这里是汉时“西域三十六国”中且末国、小宛国的故地,这里是近万年前“玉石之路”的发端和后来的“丝绸之路”南道上的重要门户……揭开神秘的“尘幕面纱”,且末像一位新嫁娘向着游人款款走来——
由库尔勒向着且末远足,十个小时的行旅并不寂寞,这是因为堪为世界奇迹的沙漠公路已碾瀚海成通途,山一样矗立于历史深处的“玉石之路”、“丝绸之路”,让人有更多期待。
瀚海通途
我脚下的这条沙漠公路,叫且 (末)塔 (中)沙漠公路,横穿 “死亡之海”的塔克拉玛干大沙漠。这条沙漠公路全线贯通后,使且末至塔中至库尔勒原有的一千余公里路程明显缩短了,不仅成为一条大漠腹地观光、考察、旅游的黄金通道,而且打破了制约且末经济发展的 “瓶颈”,带动了人才流、资金流、技术流、信息流,对于提升和巩固且末在塔东南地区的地位,促进这一地区的经济繁荣、社会稳定、对外交流和社会各项事业的发展,产生了无可限量的积极影响。
素有“进去出不来”之称的塔克拉玛干大沙漠,被且塔沙漠公路劈成了两半,深埋于这腹地的石油资源,已经成了且末的经济优势。尚不仅如此,这条黄金大动脉还为万年昆山玉的开发、外运,插上了腾飞的翅膀。
且末考译
“且末”地名最早出现在《汉书》中,记为“且末国”。后来的《三国志》则写作且末,隋代为且末郡,唐朝为播仙镇,元代称阇里辉,明代叫扯力昌。清光绪十年(1884),新疆建省后称“卡墙”,1914年改为且末县。
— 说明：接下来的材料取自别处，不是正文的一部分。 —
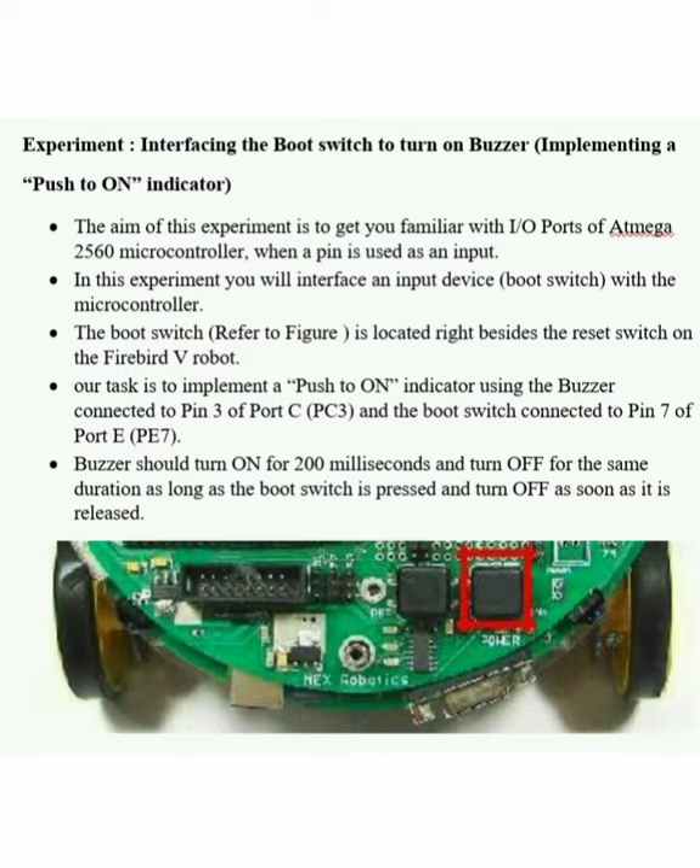The reset switch is on the right side of the red color box. In this experiment, when we press the boot switch, we will activate the buzzer for 200 milliseconds. This pattern will repeat until we release the boot switch.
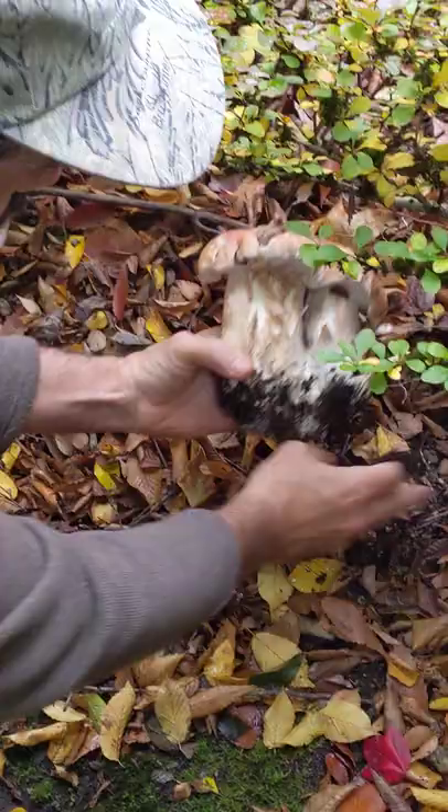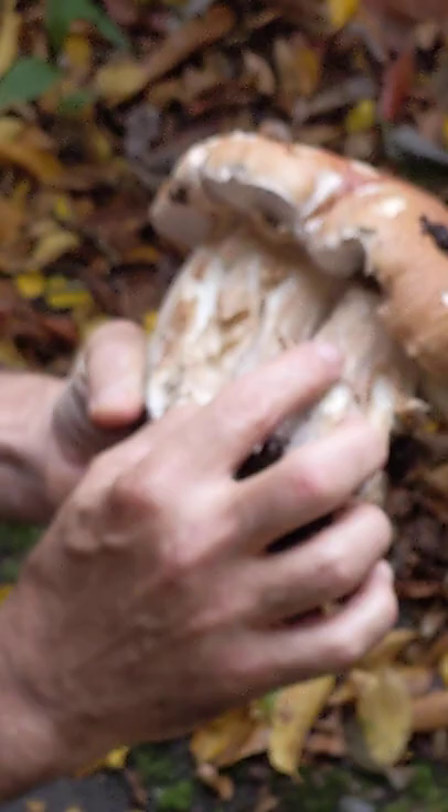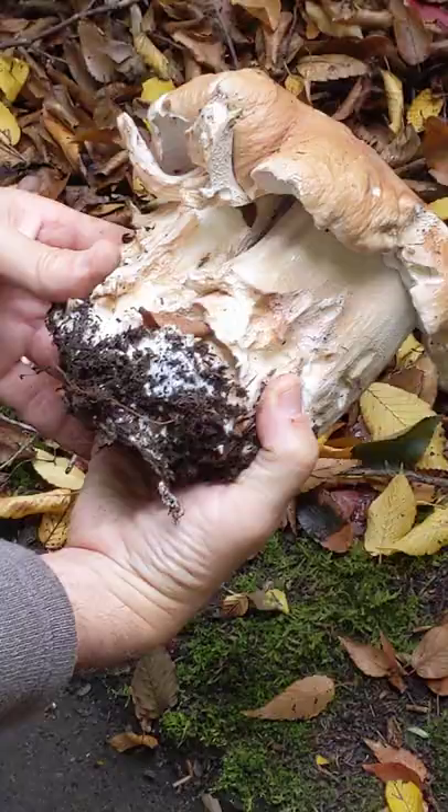So over here we have yet another King Bolidus — this one's going to require two hands; actually, this is two. The slugs have found these. They start off with white pores and turn yellow. You can see the reticulation on the stalk over here. Sometimes they grow in pairs like this.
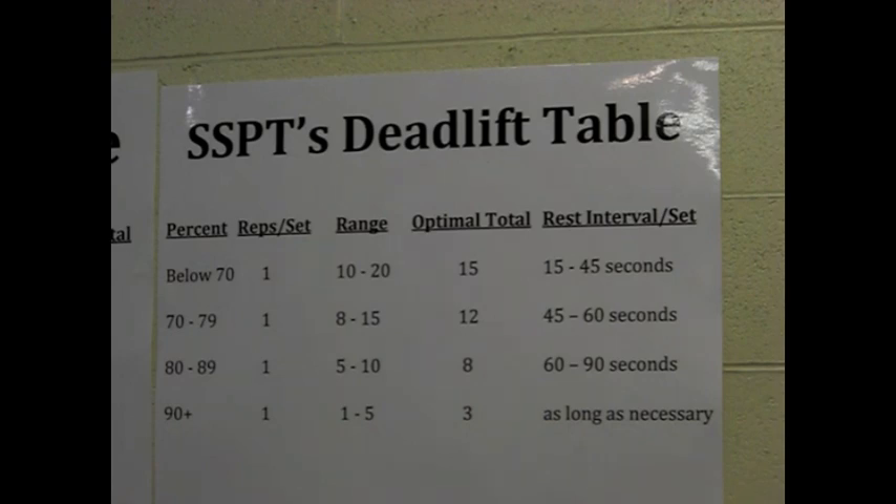So if your goal is muscle hypertrophy or endurance, then obviously only doing singles in the deadlift is not the way to go. You're going to need to do additional reps if hypertrophy or endurance is one of your primary goals.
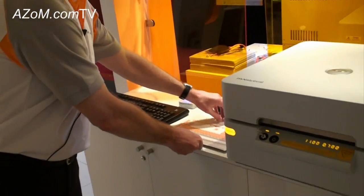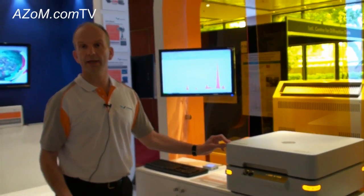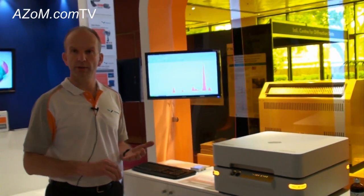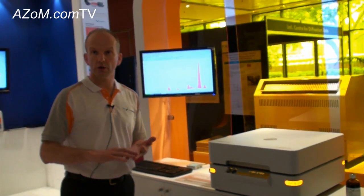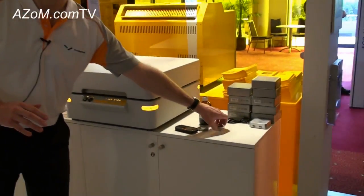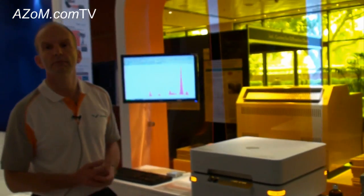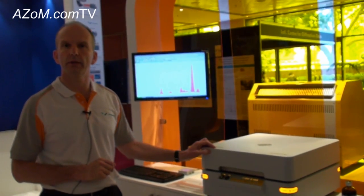Who typically uses this type of instrument? What's your target market? It's basically what we would call a can-do-all instrument, so it's relevant for many different types of industries — principally cement, certain mining applications, soil and contaminated land type applications, applications in the petrochemical industry like sulphur in oil or wear metals in oil, or perhaps polymers and plastics. Here we have a piece of plastic. So is it more suited to quality control type applications rather than high-end research? Yes, it's definitely more of a production control type instrument.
《大唐西域记》中有关且末的记载,该书称前者为“折摩驮那故国”。“折摩驮那”据悉是CALMADANA的原音译名,且末就是这个音名的缩写。
折摩驮那的含义目前有两种说法,一为部落名称。据史书载,尧舜时期,江淮、荆州一带的三苗部落,被尧击败迁到甘肃河西走廊与敦煌三危山一带,与当地的民族融合成为羌人的祖先。其中折摩驮那等部落受其他部落的侵扰被迫西迁,定居车尔臣河流域,折摩驮那故国因而得名。个别部落迁至喀拉米然河流域,因而且末有阿羌等地名。还有一种说法,认为折摩驮那是部落首领的名称,车尔臣为部落名称。
且末的先民来自于华夏文明的上古时代,这应该是可以成立的。“车尔臣、车尔臣”,这是多么朗朗上口的一个诗一样的名字,它隐约透露着一分秀色江南,折射出一种海纳百川的胸怀。
十六具干尸
没有风,湛蓝色的车尔臣河截取一片阳光,给自己和身边的县城以辉煌和灿烂。在车尔臣河西约10公里的一片土地上,面积3.5万平方米的扎滚鲁克一号墓地,也向世人告白:且末的的确确是一个兼容并蓄、海纳百川的地方!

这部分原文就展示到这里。